──────── INPUT DATA ────────

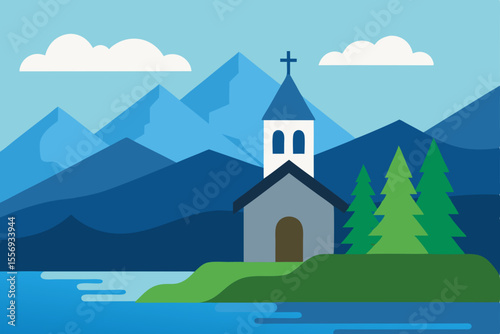 Serene Mountain Church Lakeside Chapel Illustration
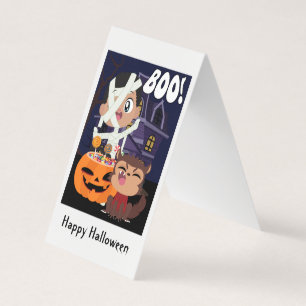 Halloween Mummy, Pumpkin and Werewolf Mini Card Visitekaartjes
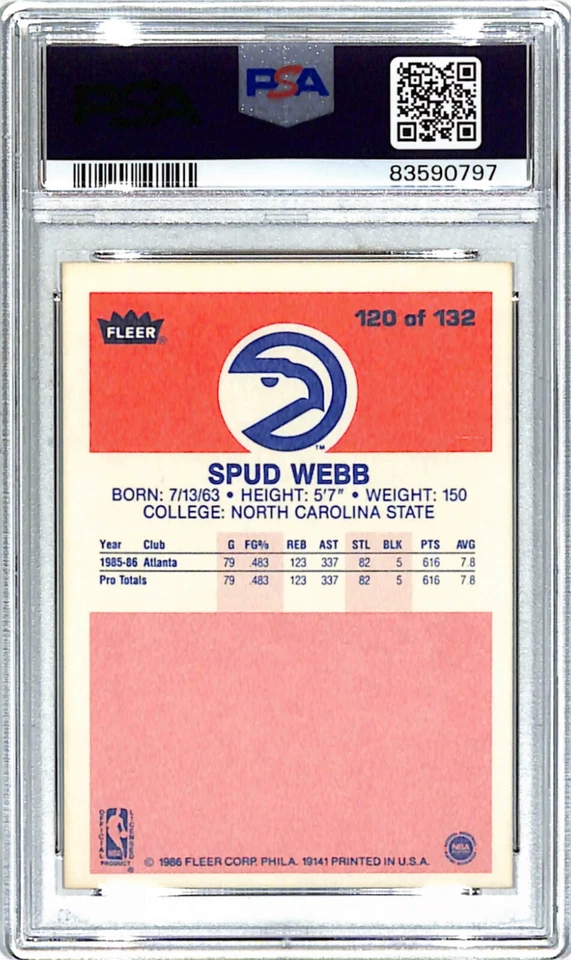 Tarjeta de novato Fleer SPUD WEBB 1986 87 firmada automática #120 calificada PSA/ADN 10 losas Foto 3 de 3
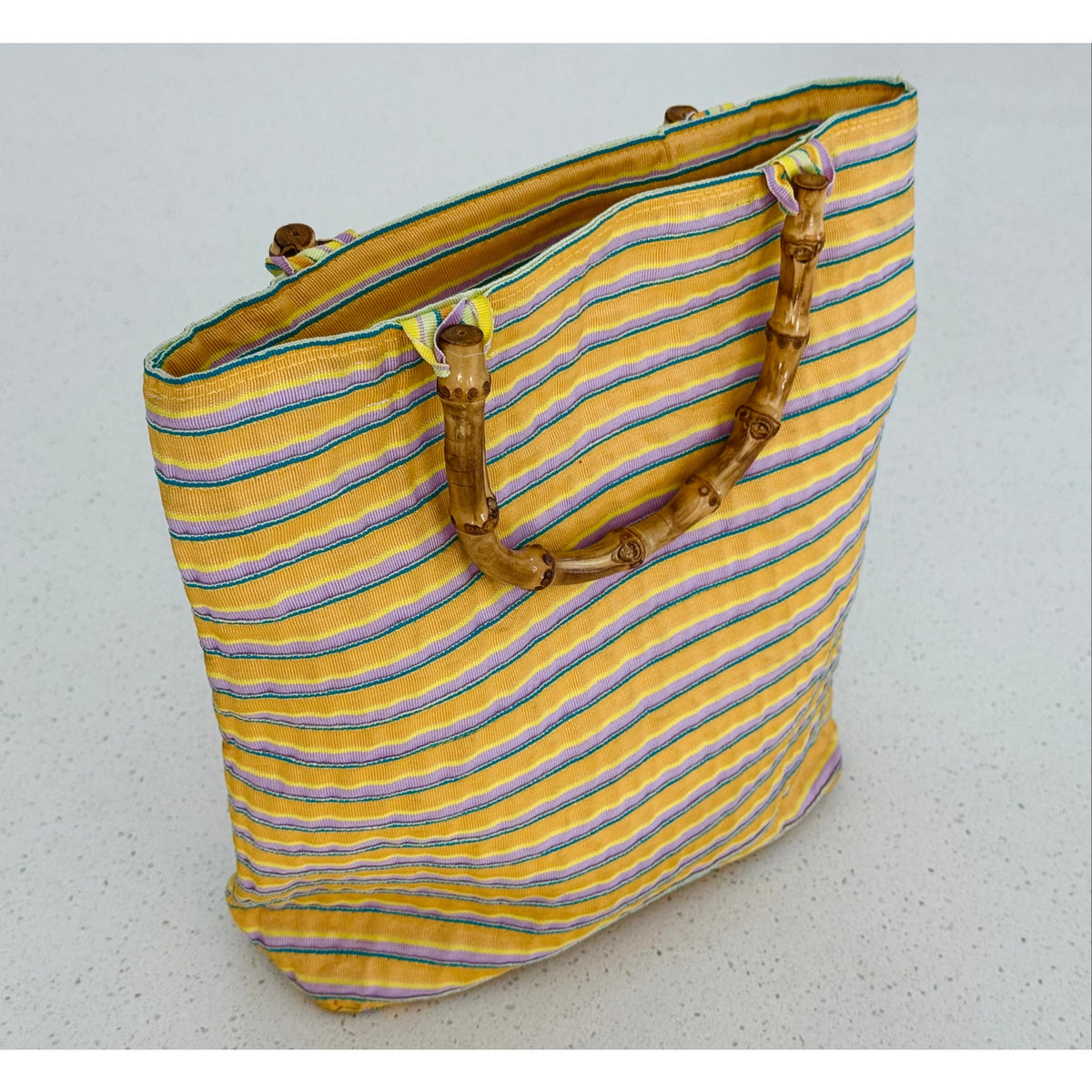San Diego Hat Co Yellow Matching Hat & Bamboo Handle Tote Set 2pc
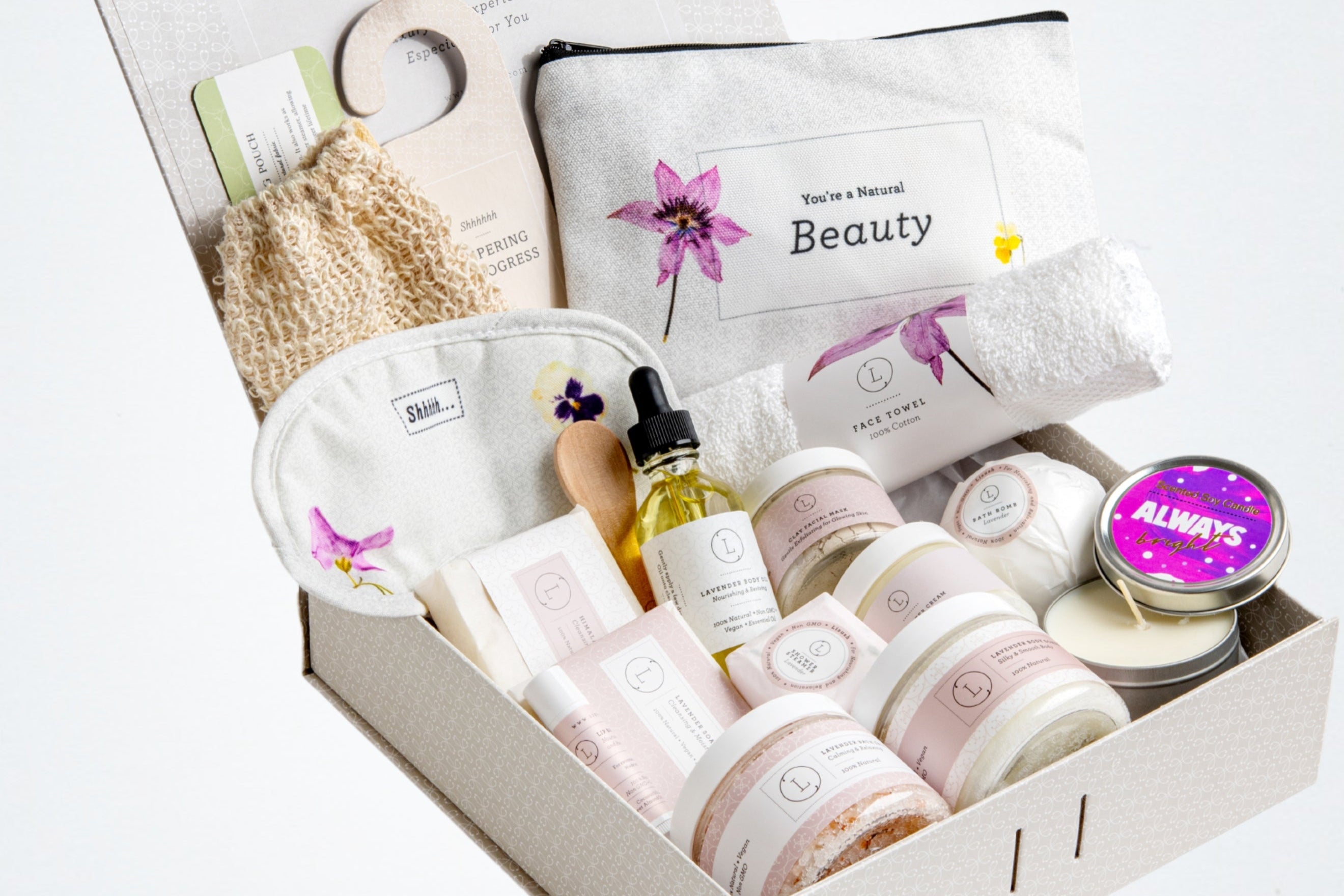 Lavender Birthday Gift Basket | All-Natural Handmade Spa Set | Personalized | Lizush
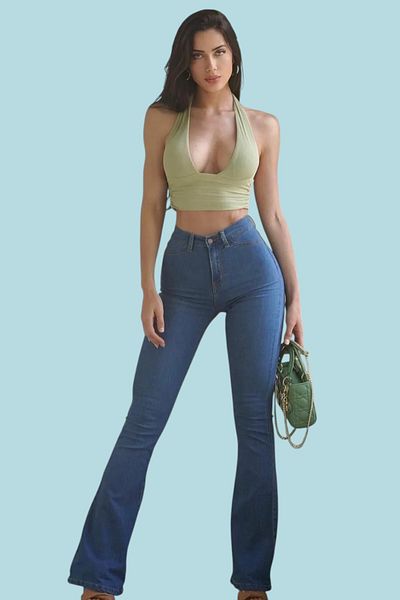byhaziran butik Estelle Women's Medium Blue Lycra High Waist Spanish Leg Jeans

────────

## TASK ITEM
Images must not appear in the copy; reproduce everything else in the records verbatim.

## THE ANSWER
 Serene Mountain Church Lakeside Chapel Illustration
 Halloween Mummy, Pumpkin and Werewolf Mini Card Visitekaartjes
 Tarjeta de novato Fleer SPUD WEBB 1986 87 firmada automática #120 calificada PSA/ADN 10 losas Foto 3 de 3
San Diego Hat Co Yellow Matching Hat & Bamboo Handle Tote Set 2pc
 Lavender Birthday Gift Basket | All-Natural Handmade Spa Set | Personalized | Lizush
byhaziran butik Estelle Women's Medium Blue Lycra High Waist Spanish Leg Jeans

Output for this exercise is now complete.